Re: non ascii character in headers?

On 03.03.2010 10:41, Reinier Post wrote:
> On Tue, Mar 02, 2010 at 02:17:13PM +0100, Julian Reschke wrote:
>> On 02.03.2010 00:49, Brendan Miller wrote:
>>> I'm looking at a possible bug in my companies http handling library.
>>> The code seems to assume that there are no bytes with the higher order
>>> bit set in the http Location header. I'm thinking this will break if
>>> the Location header's URI contains non-ascii characters.
>>
>> In which case it wouldn't be a valid URI.
>>
>>> Is my thinking correct, or is there some rule that prohibits non-ascii
>>> chars in an http header?
>>
>> Valid URIs never contain non-ASCII characters.
>
> This is not true, see section 2,1 of the spec:
>
>    http://www.ietf.org/rfc/rfc2396.txt

"In local or regional contexts and with improving technology, users 
might benefit from being able to use a wider range of characters; such 
use is not defined by this specification. Percent-encoded octets 
(Section 2.1) may be used within a URI to represent characters outside 
the range of the US-ASCII coded character set if this representation is 
allowed by the scheme or by the protocol element in which the URI is 
referenced.
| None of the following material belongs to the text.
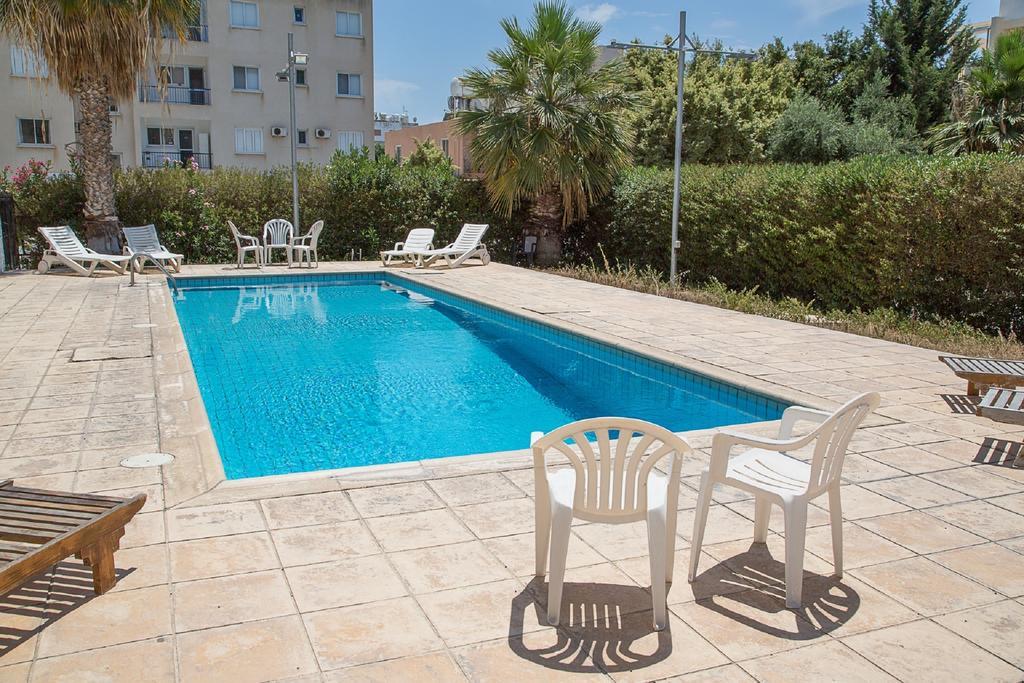 Paphos Love Nest Apartment 客房 照片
Such a definition should specify the character encoding used 
to map those characters to octets prior to being percent-encoded for the 
URI." -- <http://greenbytes.de/tech/webdav/rfc3986.html#rfc.section.1.2.1>

>> That doesn't mean it doesn't happen in the wild, though.
>
> Well, a lot of code that handles URI will assume it's ASCII.

And it's correct in doing so (just check the ABNF).